What Seven AI Agents Found in Our Streaming Platform

Jan 31, 2026

FrameWorks Team

Live video systems collect awkward edge cases.

A viewer connects from a location that sits on the wrong side of a geofence boundary. A DVR recording starts at the same moment a stream is shutting down. Two usage events for the same tenant arrive close enough together that billing code has to prove it is actually idempotent. None of those cases are hard to understand on their own. The hard part is that they do not stay on their own.

FrameWorks is split across routing, ingest, VOD, edge orchestration, analytics, billing, auth, MCP agent access, DNS, Skipper, WebSocket routing, and tenant management. Each subsystem has tests and reviews, but the interesting failures tend to sit between them. They show up when a stream lifecycle event crosses into billing, or when a viewer-routing decision depends on data that is still warming in a cache.

We wanted a way to keep looking for those failures after the initial implementation work was done. Not a one-off security audit, and not a big rewrite disguised as process. Just a repeatable way to ask: which parts of the platform have not been reviewed recently, what can go wrong there, and can we prove it from the code?

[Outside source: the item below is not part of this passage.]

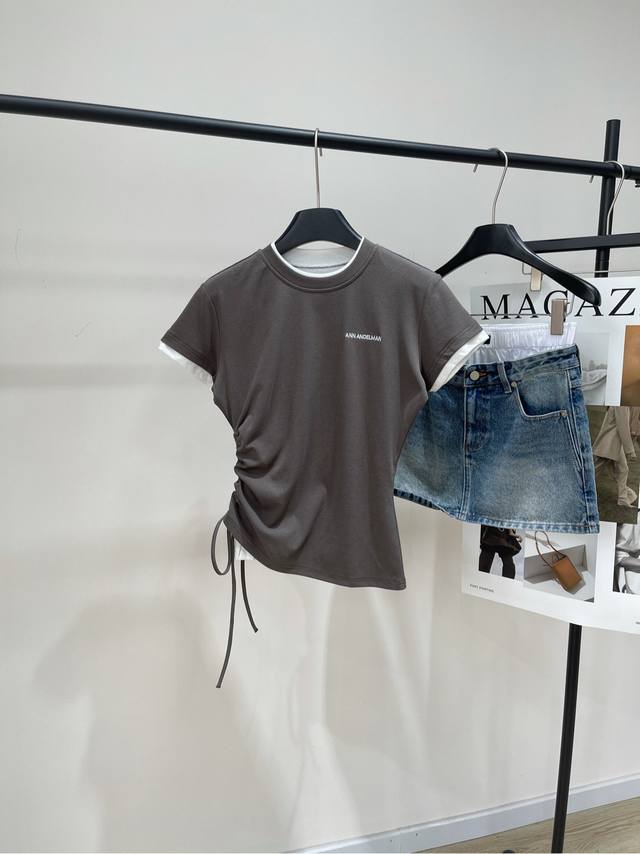Ann gray-brown double-layer short-sleeved T-shirt with white drawstring , fabric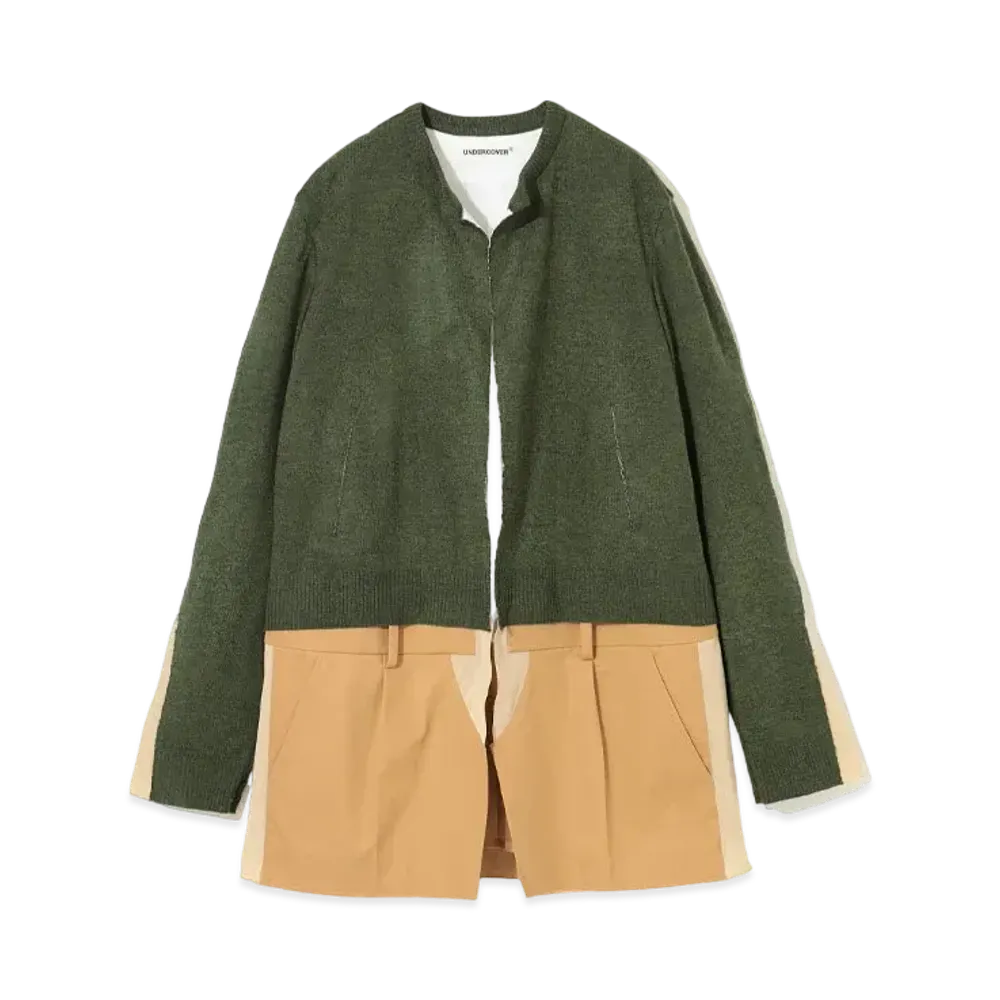 UNDERCOVER Crew Knit x Chino Pants Mix Cardigan "Green"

So we ran a manually orchestrated audit using seven agent roles.

How the audit worked

The process was intentionally simple. One agent picked a domain to inspect. Another traced the relevant code paths and wrote findings. A separate reviewer checked those findings against the repository. If a fix made sense, another agent implemented it, a reviewer looked at the pull request, and a final pass addressed review feedback before CI and human merge.

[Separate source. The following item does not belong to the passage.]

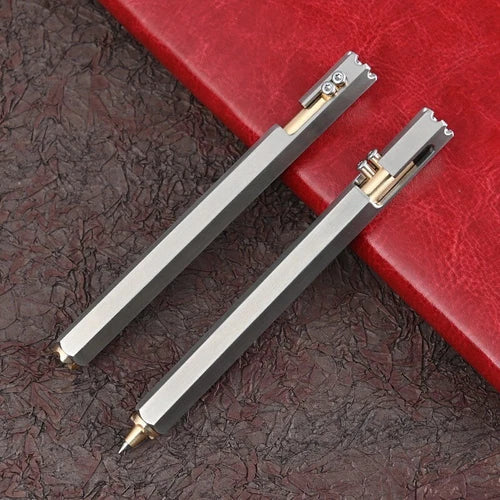 Stainless Steel Brass Bolt Action Ballpoint Pen EDC Pocket Signature Writing Pen 07FC0E-D4 - KOEEK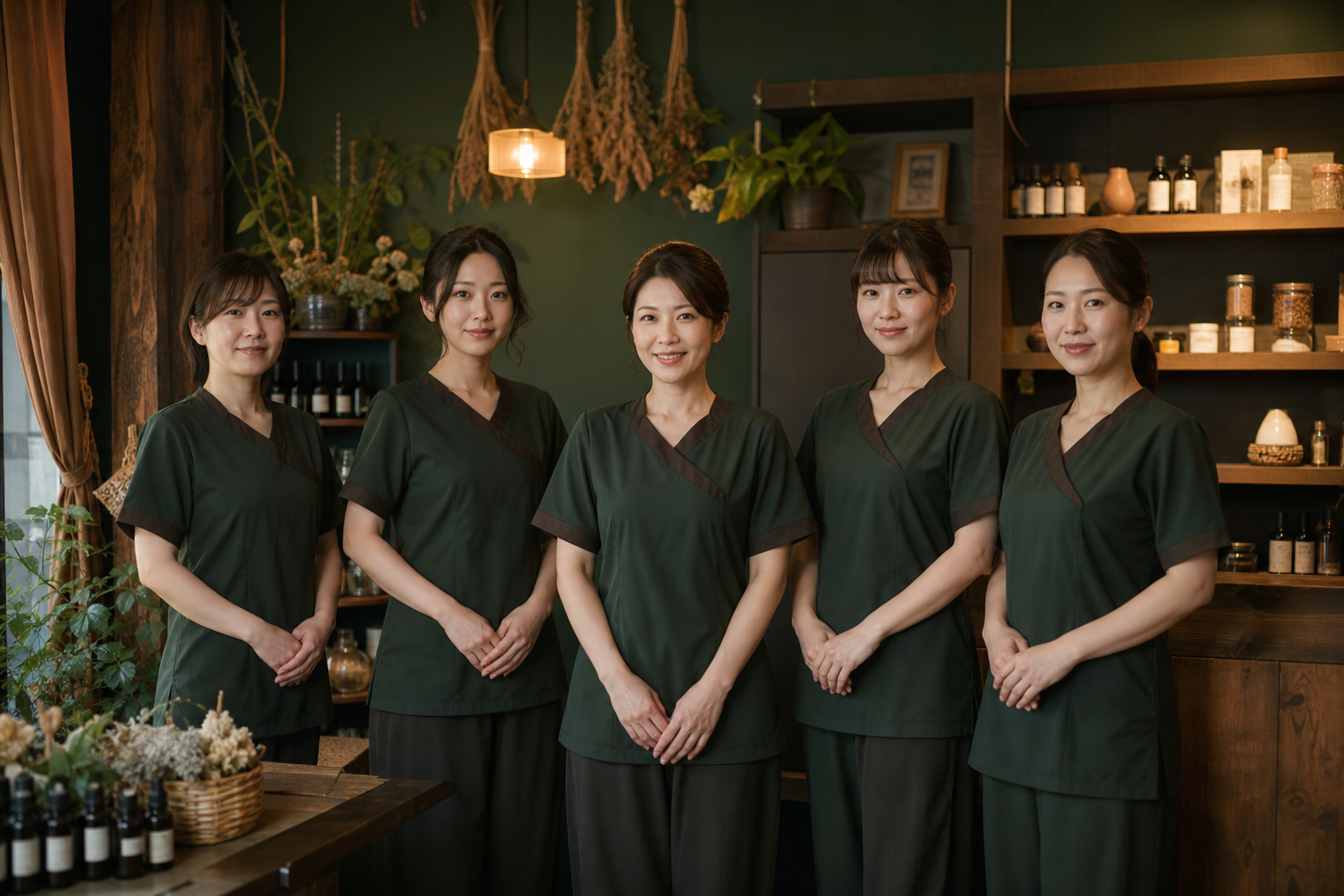 精油をブレンドしベッドを整えるスタッフ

The roles were less important than the separation between them. The agent that found a bug did not get to declare the fix correct. The agent that wrote the patch did not review its own work. The human still had the last merge decision.

We also made one rule non-negotiable: every finding had to cite evidence. A vague claim like “there may be a race condition here” was not enough. The report had to point to the files involved, describe the interleaving or input that triggered the issue, explain the impact, and propose a concrete fix.

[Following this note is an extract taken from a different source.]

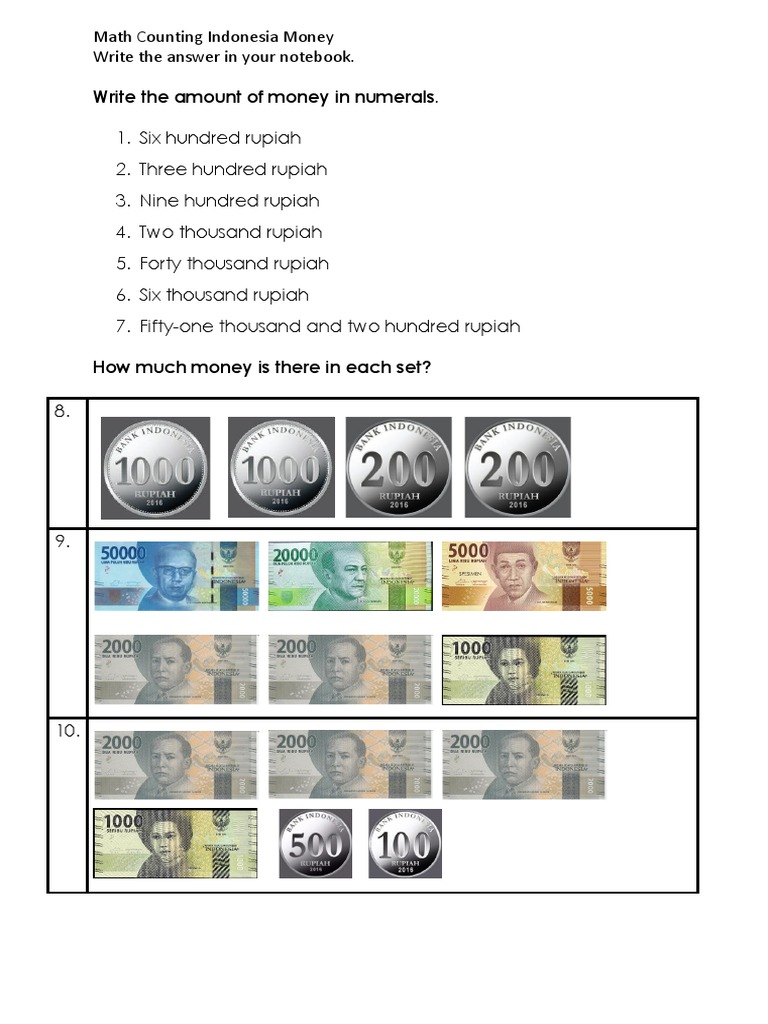 Counting Indonesian Rupiah Worksheet | PDF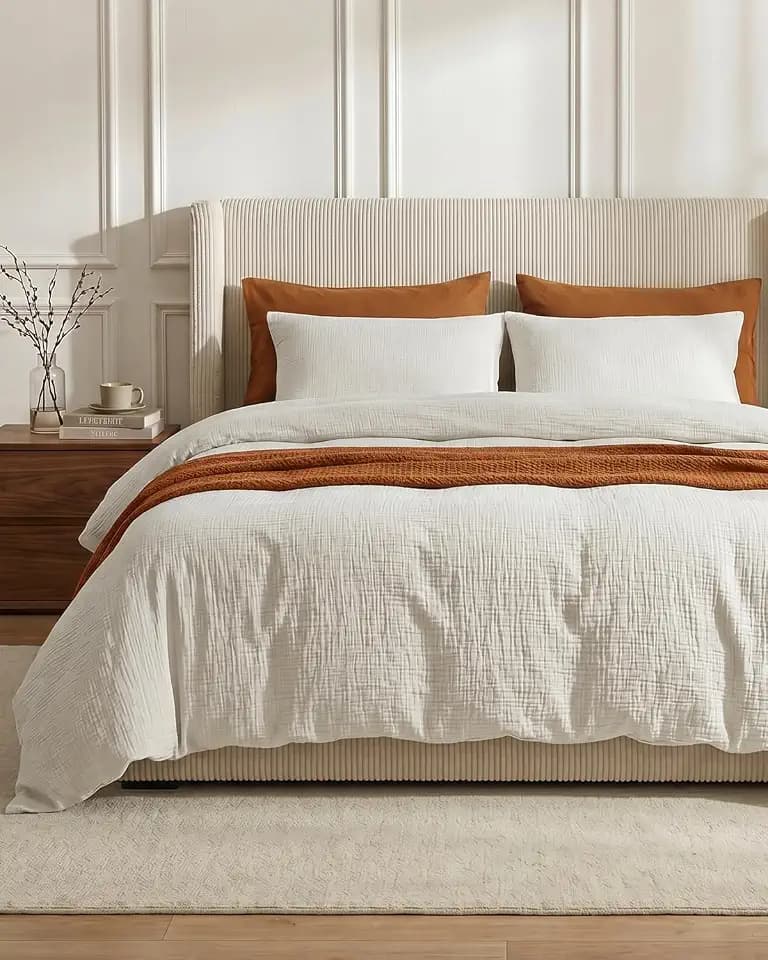 SE SOFTEXLY Muslin Duvet Cover Oversized King Size, 100% Washed Cotton Duvet Cover Set, Ultra Soft Comforter Cover Linen Like, 3 Pieces Gauze Duvet Cover with 2 Pillowcases, 98"x120", White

That made the process much more useful. It also filtered out a lot of confident nonsense.

Why agents helped

The strongest use case was not “AI replaces engineers.” It was much narrower: agents are good at patiently tracing boring paths through a large codebase.

For example, a human reviewer might look at the billing handler, confirm the obvious transaction boundary, and move on. An audit agent can keep following the event backward into Kafka consumers, forward into ClickHouse writes, sideways into tenant scoping, and then ask what happens if two messages arrive for the same tenant in the same small window.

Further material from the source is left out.